Matti Kalevi Pietikäinen is a Finnish computer scientist. He is currently Professor (emer.) in the Center for Machine Vision and Signal Analysis, University of Oulu. His research interests are in texture-based computer vision, face analysis, affective computing, biometrics, and vision-based perceptual interfaces. He was Director of the Center for Machine Vision Research, and Scientific Director of Infotech Oulu.

== Biography ==

Pietikäinen received the Doctor of Science in Technology degree from University of Oulu, Finland, in 1982. From 1980 to 1981 and from 1984 to 1985 he was with the Computer Vision Laboratory at the University of Maryland, working with a pioneer of the computer image analysis, Professor Azriel Rosenfeld. After the first visit, he established computer vision research at University of Oulu. For the 25th Anniversary book of his group in Oulu, see the list of selected publications.

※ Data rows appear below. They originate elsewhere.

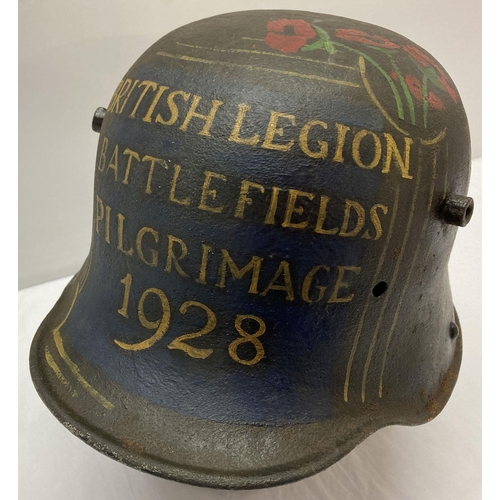 119 - A WWI Imperial German M16 Stahlhelm helmet with hand painted detail. For the British Legion Pilgrima... 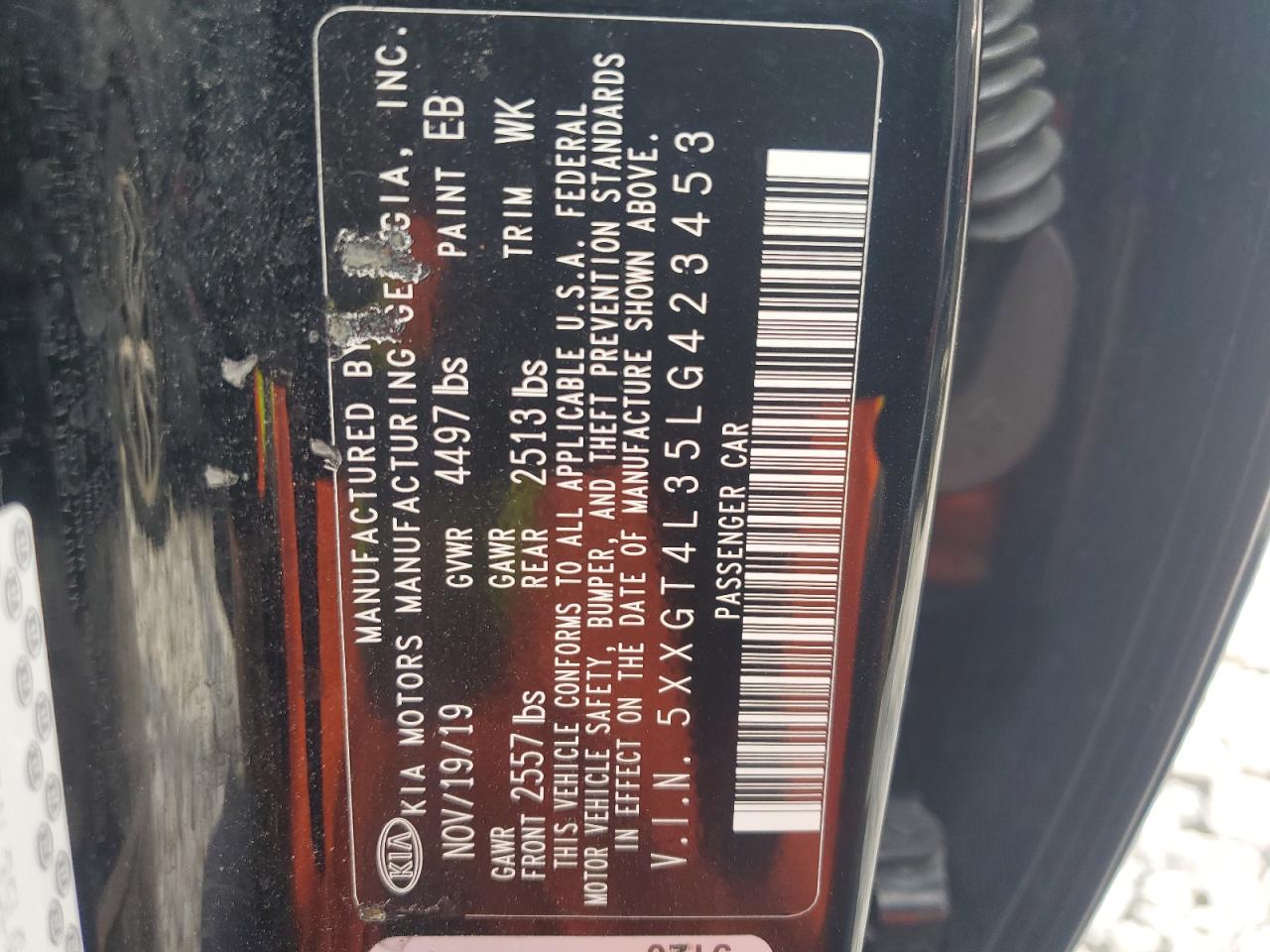 2020 Kia Optima Lx VIN: 5XXGT4L35LG423453 Lot: 64065984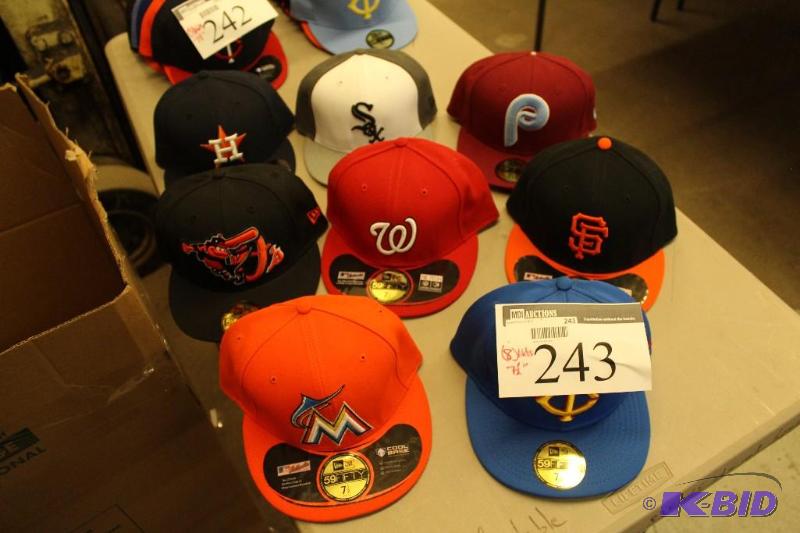 Officially Licensed Fitted Hats wMiscellaneous Sizes & Sports Team Logos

He has authored over 350 refereed scientific publications, which have been frequently cited. He has made pioneering contributions to local binary patterns (LBP) methodology, texture-based image and video analysis, and facial image analysis.

He has been Associate Editor of IEEE Transactions on Pattern Analysis and Machine Intelligence (TPAMI), Pattern Recognition, IEEE Transactions on Forensics and Security, Image and Vision Computing, and IEEE Transactions on Biometrics, Behavior and Identity Science. He has also been Guest Editor for several special issues, including IEEE TPAMI and International Journal of Computer Vision.

In 2011, he was named an IEEE Fellow for his contributions to texture and facial image analysis for machine vision. Already in 1994, he received the IAPR Fellow nomination for contributions to machine vision and its applications in industry and service to the IAPR In 2018, he received the IAPR's King-Sun Fu Prize for fundamental contributions to texture analysis and facial image analysis. He was named a Highly Cited Researcher by Clarivate Analytics in 2018. Since February 2023 he will be listed by Webometrics among the Highly Cited Researchers whose h-index is at least 100. In 2024 he was invited to be Fellow of Asia-Pacific Artificial Intelligence Association (AAIA). For a short book on his whole career, see Selected publications.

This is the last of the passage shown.